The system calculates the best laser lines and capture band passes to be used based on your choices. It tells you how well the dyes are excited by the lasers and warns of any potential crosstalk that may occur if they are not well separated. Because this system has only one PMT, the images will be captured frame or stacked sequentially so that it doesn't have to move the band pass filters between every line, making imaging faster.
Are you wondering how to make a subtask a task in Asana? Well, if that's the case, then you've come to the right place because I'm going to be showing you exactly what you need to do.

* * *

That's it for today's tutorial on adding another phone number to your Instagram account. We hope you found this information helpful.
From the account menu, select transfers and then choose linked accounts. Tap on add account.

▶ [INSTRUCTIONS FOR THE TASK]: Only the number of lines above that contain "this" should be given as the answer.

▶ [SOLVED PROBLEM]: 2